Furthermore, different families can behave differently and what works well for one is not necessarily the best approach for another. So I’m uncertain that any single pipeline will ever be completely reliable for every family, hence the importance of manual inspection and curation for very detailed analyses of protein families.

However, the review is still valuable in highlighting tools that can be beneficial when used together (ie by a curator consulting the predictions from each tool) and in reinforcing the need for funding to support manual curations effects such as HAMAP!

Minor points

1. Table 1 is confusing – why are some paralog pairs mapping to more than one COG cluster. It would be helpful to know the sequence identity for these example pairs. Its not clear to me what makes these examples particularly interesting. I’m assuming they were difficult to identify by standard sequence comparison based techniques but that’s clear from the table.

2. What version of COG is used? – this resource is very out of date. It would have been better to refer to EggNog.

3. To what extent does similarity in genome context imply similarity in function? Have any quantitative analyses been performed?  Surely there is the same scope for divergence in function as with considering divergence in proteins having only one residue mutation. In fact the authors show that Genetic Neighbourhood Networks don’t really work that well either!

4. Relatively recent work by the group of Christophe Dessimov has also suggested that Orthologs are not always as functionally conserved as paralogs. The authors might want to cite this work.

5. The manuscript seems rather hastily written in parts (some resources were not given their correct names) and some paragraphs were very confusing. I am not aware of SFLD using fully automatic methods for generating functional subfamilies. They use experimental data and manual curation although their classification is guided by sequence similarity networks (SSNs). The manual inspection and intervention combined with the experimental analyses is what makes SFLD such a reliable resource for benchmarking automated approaches. CATH-Gene3D FunFams (there is no resource called CATH-3D) comprises 110,000 functional families (Das et al, Bioinformatics, ref). CATH-Gene3D FunFams is applied on a whole genome scale ie all proteins from completed genomes that can be assigned to CATH-Gene3D superfamilies are functionally classified.  

6. It would be good to indicate in the abstract that the article focuses on only one multi-gene/ multi-functional family - the COG0720 family

7.  The article has a very detailed background of the field which comprises many sections even after the Introduction that makes the research article appear more like a review. Also the manuscript would benefit from having a clearly defined Results section.

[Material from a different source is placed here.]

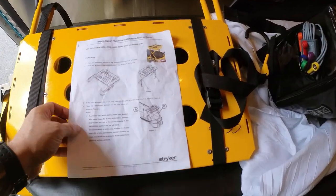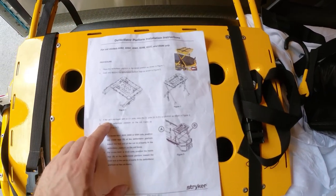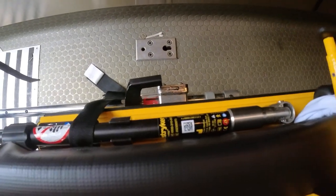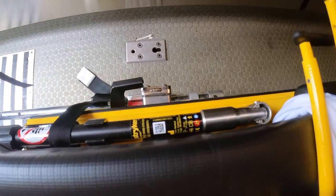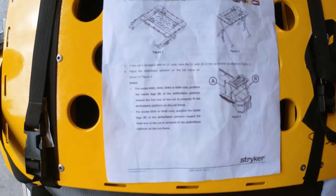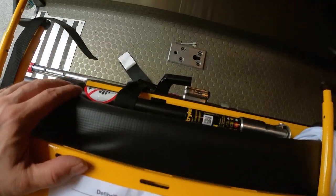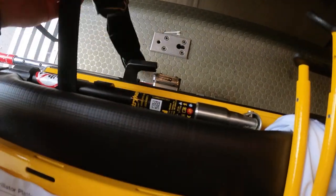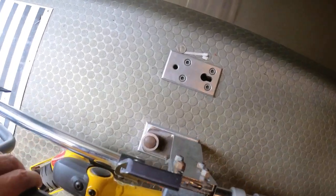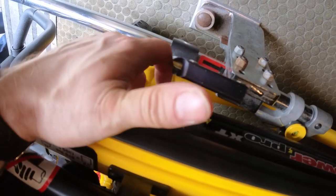A couple of very important features: when we're going to secure this device, the IV pole has to be brought up — you cannot secure this device with the IV pole laying down. Also, we have an electric stretcher, and the hooks of this device are going to go essentially underneath this part right here. We'll show you how to mount it — the hooks are what actually secure it in place.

8. CATH-3D should be corrected to CATH-Gene3D resource throughout the manuscript (also in page 11) and the number of families needs to be updated as the resource currently provides >2730 superfamilies classified into 110,000 families. 

9. In the first paragraph of the fourth section (The COG0720 case study), please mention whether default BLAST parameters were used in the BLAST search otherwise the BLAST parameters should be mentioned. 

10. In the second paragraph of the fourth section (The COG0720 case study), please mention the full form of IMG. 

11. In the third paragraph of the fourth section (The COG0720 case study), it would be useful to mention or list the "different types of comparative genomics evidence" used to identify the COG0720 sub-families. This article mentions only three PTPS subfamilies, however, the Phillips et. al., 2011 paper cited for this work had mentioned four PTPS subfamilies and up to six PTPS motifs in the original article. Please explain any reasons for not considering the other COG0720 subfamilies in this analysis. 

12. In the second paragraph of the fifth section, Please correct the sentence: "This is very useful to identify fusion proteins that are a well know misannotation problems."

13. Please capitalise Patric in Table 3 so that is consistent throughout the manuscript.

14. In Figure 5, in the fourth last block of the flowchart titled Signature Motifs, please specify what are determining residues - specificity determining residues? 

15. It would also be good to provide citations for WebLogo and Two Sample Logo in the caption of Figure 6. 

16. In the Methods section, it would be useful to list the name of the tools used in the IMG/COG/SEED databases for the different analyses.

Author Response

This article is a valuable review of approaches for functional annotation of relatives in protein families. Many of the major resources are described in the article. I assume that this manuscript is being considered as a review rather than a research paper, as there is no substantial assessment of the different resources just an analysis using one example family.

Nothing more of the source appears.